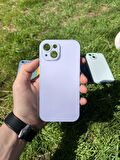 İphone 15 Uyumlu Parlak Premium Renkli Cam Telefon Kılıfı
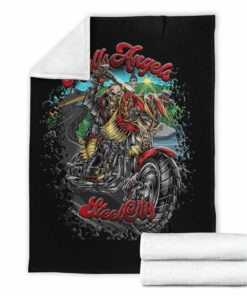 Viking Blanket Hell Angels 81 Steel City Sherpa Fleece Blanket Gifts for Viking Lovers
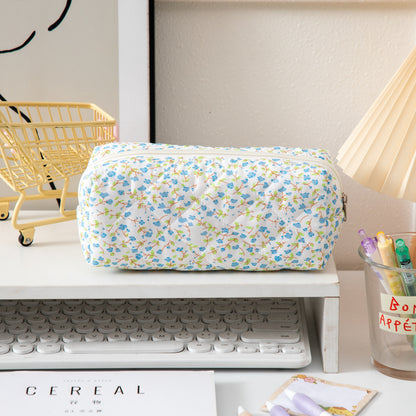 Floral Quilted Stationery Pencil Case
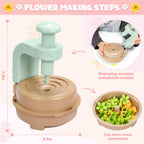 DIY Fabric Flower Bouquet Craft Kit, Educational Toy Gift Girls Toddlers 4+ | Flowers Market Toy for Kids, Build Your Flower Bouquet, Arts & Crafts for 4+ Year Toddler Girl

(Instructions for the task):
Set down again, exactly, every line above from the one with "Viking Blanket Hell" down to the one with "Floral Quilted Stationery Pencil Case", both ends included. No pictures, and nothing else.

(Written solution):
 Viking Blanket Hell Angels 81 Steel City Sherpa Fleece Blanket Gifts for Viking Lovers
 Floral Quilted Stationery Pencil Case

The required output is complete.